The debate about the criminal justice system increasingly is driven by empirical studies. Phil Dixon wrote thoughtfully last week about a new analysis of 700,000 drug arrests conducted by UNC faculty members outside the School of Government. This article by a Georgia law professor is also attracting attention – it claims to be “the most substantial empirical analysis of misdemeanor case processing to date,” based on “multiple court-record datasets, covering several million cases across eight diverse jurisdictions.” Similarly, in the popular media, this Washington Post article analyzes a huge trove of data to determine the percentage of arrests in each county across the nation that are based on marijuana possession.
I could list many more examples, but the general point is one with which I suspect most readers will agree: that big data is revolutionizing the discussion of criminal justice. This transformation has been unfolding for decades. Drivers include the growth of law and economics and other law and social science approaches, which has fertilized the legal field with social science techniques, and the increasing availability of large datasets, which has made statistical analysis easier. This post offers a few thoughts about the costs and benefits of this new data-focused world.
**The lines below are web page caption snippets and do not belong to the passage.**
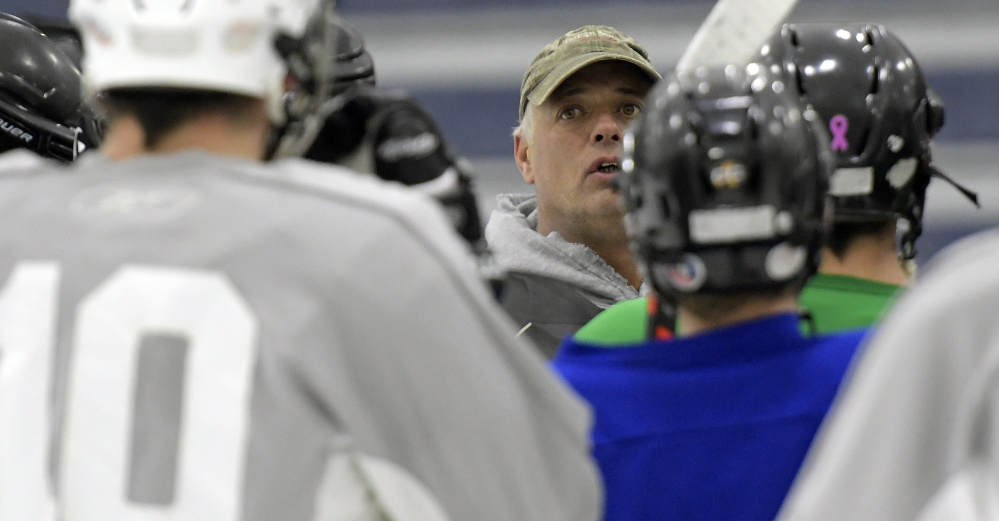Gardiner hockey coach Sam Moore talks to his team during a Nov. 28 practice in Hallowell.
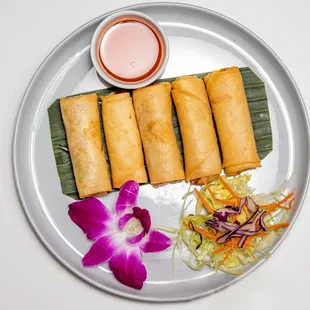 a plate of food with dipping sauce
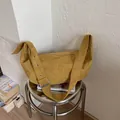 Chic mustard yellow hobo bag in soft faux suede with stylish silver buckle shoulder strap - Yellow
North Carolina may be headed further down the road of big data. Several Republican legislators, including those with ties to law enforcement and the courts, recently filed H 885. The bill would require several departments of state government to “conduct a statewide study to identify the criminal justice data elements currently collected and maintained by jails, courts, and prisons” in order to “identify gaps in data” and find “solutions for improving availability and accessibility of data to inform public policy.” If it passes, more empirical analyses will surely result.
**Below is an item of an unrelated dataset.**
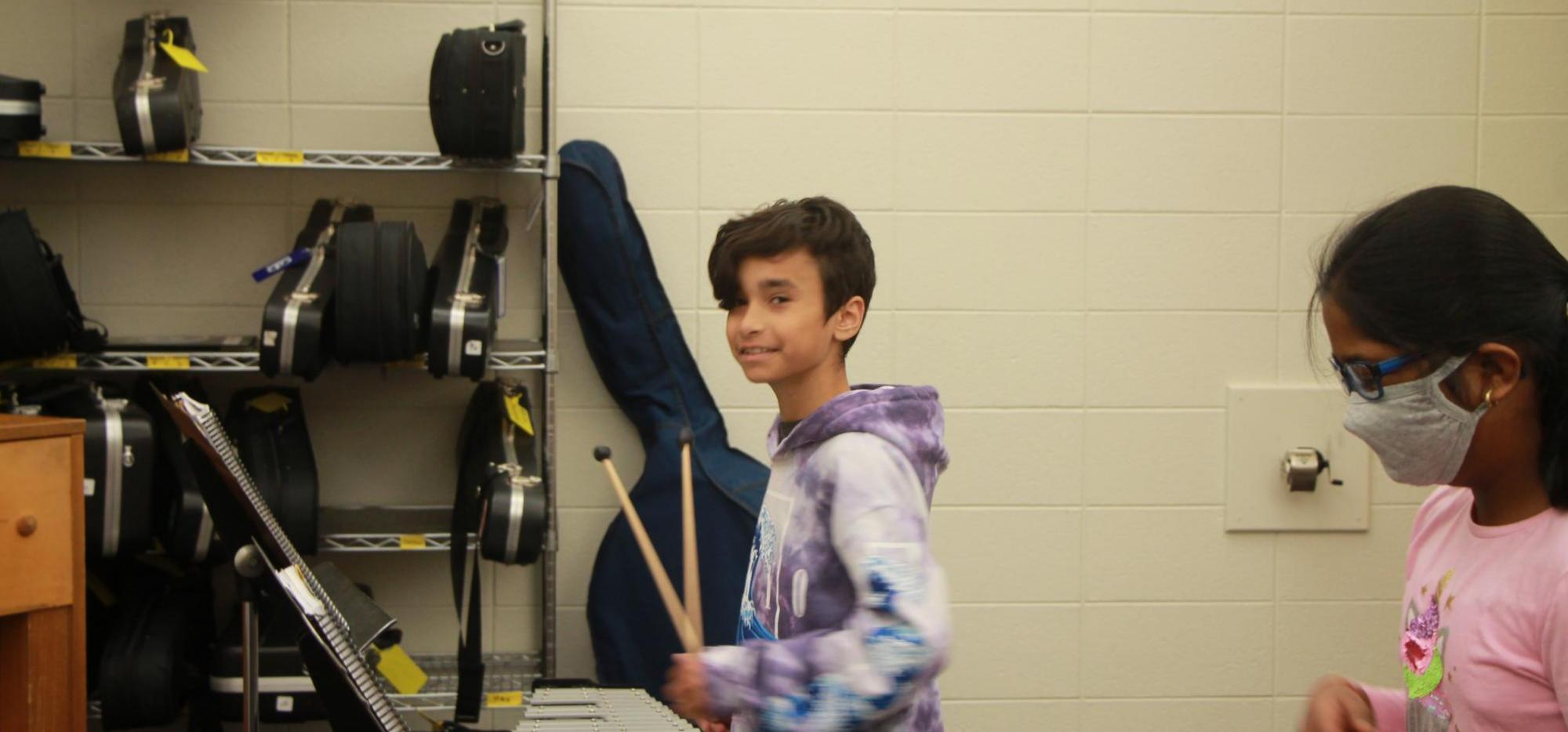 student in band class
That’s a good thing. Data analysis can help us break free of our biases, questionable intuitions, and preconceptions. For example, because women experience a variety of disadvantages in the workplace and in society at large, some might expect that women would also be disadvantaged in the criminal justice system. However, the statistical evidence reveals that women are treated more favorably than men at sentencing and otherwise, as noted here and here.
Well-designed empirical research has illuminated or may illuminate other issues, like what has driven rising incarceration rates, why crime rates have declined, and whether prosecutors, police officers, judicial officials and other system actors exhibit implicit bias against various racial groups. This information should be welcome even when it is challenging or unflattering. Just as we expect our physicians to prescribe evidence-based treatment for our maladies, it is reasonable to diagnose and treat the criminal justice system based on the empirical facts.
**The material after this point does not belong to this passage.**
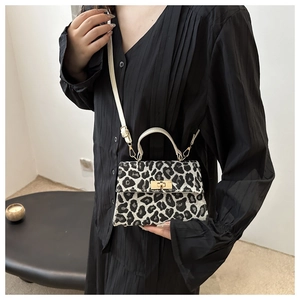 Model showcasing a leopard print crossbody bag with white handle and gold metal clasp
But we should be skeptical consumers of data. Doing good empirical research is difficult, time-consuming, and sometimes expensive. So researchers may do smaller studies and hype the results. Does chocolate cure Alzheimer’s? Probably not, even though a small and preliminary study suggested possible benefits. Even the larger studies published typically published in leading medical journals often suffer from various flaws and limitations, according to Harvard and UCLA researchers. And many studies that researchers have repeated have yielded different results, leading to the so-called “replication crisis” in the social sciences.
It can be hard for those of us without extensive backgrounds in research design and statistics to sort the good studies from the bad. That’s especially important because the statistical arms race may lead advocates for various policy positions to throw together outcome-driven “studies” in order to tout the evidence-based nature of their preferred policies. So at a minimum, we should be cautious consumers of empirical analyses, asking questions like: Who conducted this study? How large is the sample? If it is a survey, could the wording of the questions have influenced the results? Have the results been replicated by other researchers?
Use in the system vs. use to study the system. This post is focused on the use of statistical and empirical evidence to study, analyze, and reform the criminal justice system. But it is worth noting that big data is also being used with increasing frequency within the criminal justice system. For example, police resources may be allocated based on algorithms regarding where crimes are likely to occur; judicial officials may consult risk assessment tools in setting conditions of pretrial release; and probation departments may use statistically-supported instruments to determine how to supervise offenders. All of these implementations are controversial, with critics generally arguing that using big data does not increase the accuracy of decision-making and may even reinforce existing biases.
Conclusion. Big data is here to stay, and using data skeptically and appropriately is something that all architects of, and participants in, the criminal justice system need to learn to do. As Mark Twain famously remarked, “facts are stubborn things, but statistics are pliable.”